Huh? Non-screening screening? Did I read that headline right?
You did. That hed stands above this post thanks to a new U.S. law that requires all air cargo loaded onto U.S.-bound passenger flights to be screened. Law or no law, much of it isn't. The law is toothless. The 75-year-old grandmother who was pulled aside for additional screening at the airport? She may be sitting above a dangerous package stowed in the cargo hold of her flight.
The cargo screening law went into effect August 1, three years after the U.S. Congress, alarmed by continuing clueless security, mandated that all cargo on U.S.-bound passenger flights be screened for dangerous materials intended to cause harm. The U.S. Transportation Security Administration said at the time the law went into effect that perhaps 80 to 85 percent of that cargo is being screened now, but the private contractors, foreign governments, airlines and airports charged with screening cargo haven't all complied with the law.
This, mind you, does not pertain to all-cargo flights such as the UPS and FedEx flights flagged for carrying menacing cargo from Yemen addressed to Jewish targets in Chicago - that's another issue.
More than nine years after the airborne attacks on the U.S. on Sept. 11, 2001, you'd think there would be a greater sense of urgency, and that the TSA and other security agencies would be smarter about airborne threats, but you'd be wrong.

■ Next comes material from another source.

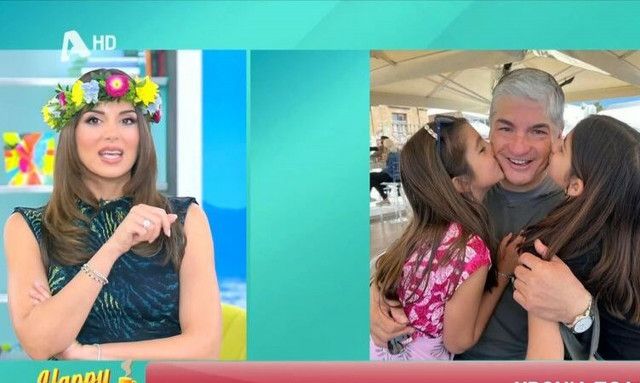 Σταματίνα Τσιμτσιλή: Βγήκε με λουλούδια στα μαλλιά στον αέρα και ευχήθηκε στην κόρη της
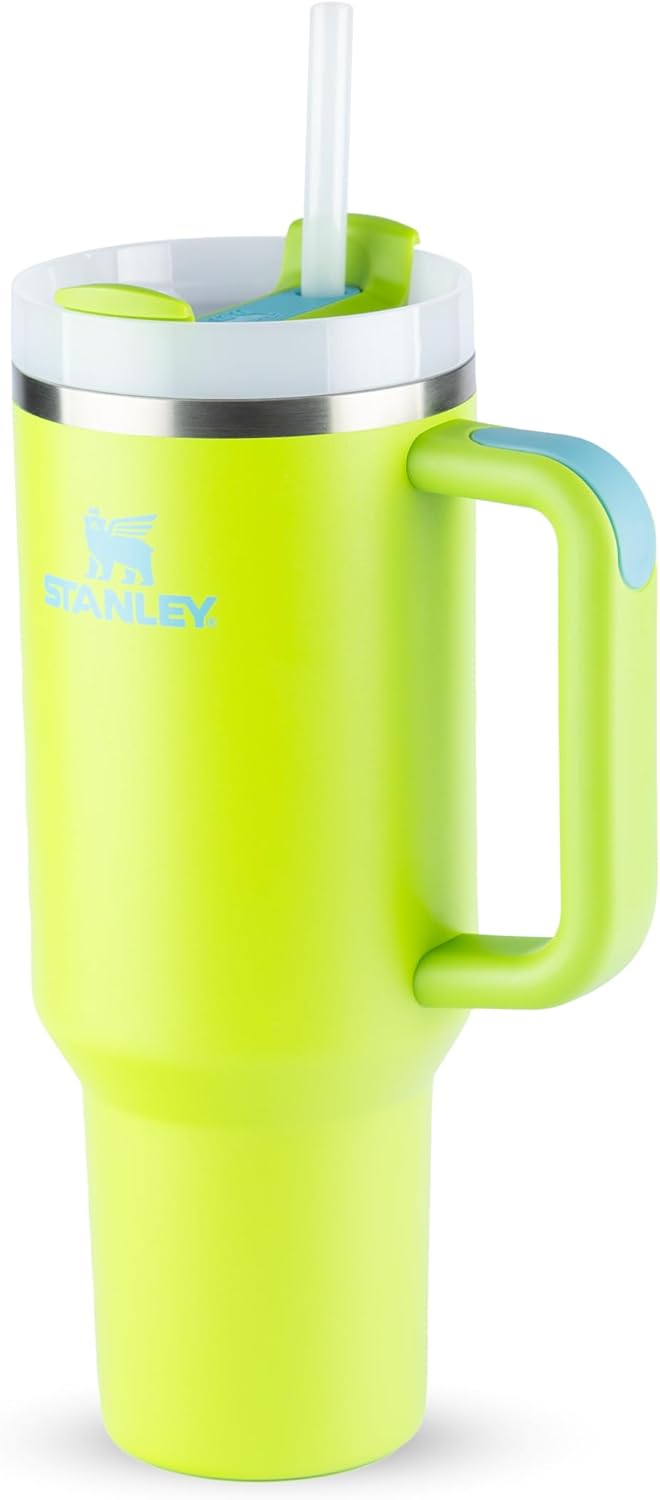 Copo Térmico The Adventure Quencher Stanley Heat Wave Bright Lime | 1,18L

All this is limned in compelling detail in today's (Oct. 30) New York Times by reporter Christine Hauser. Hauser's piece (http://www.nytimes.com/) ends on an ominous note:
"... part of the problem is that the TSA as of earlier this year had not approved the use of devices to screen large pallets or containers of cargo. A significant amount of air cargo headed to the United States is also given an exemption from screening if it is in shrink-wrapped bundles, based on an assumption that the shipper knows the contents are secure ...''
Moreover, Hauser concludes, the TSA "does not have a reliable way to monitor the process'' at non-U.S. airports to ensure compliance.
You've heard the expression "not worth the paper it is written on''? Enough said.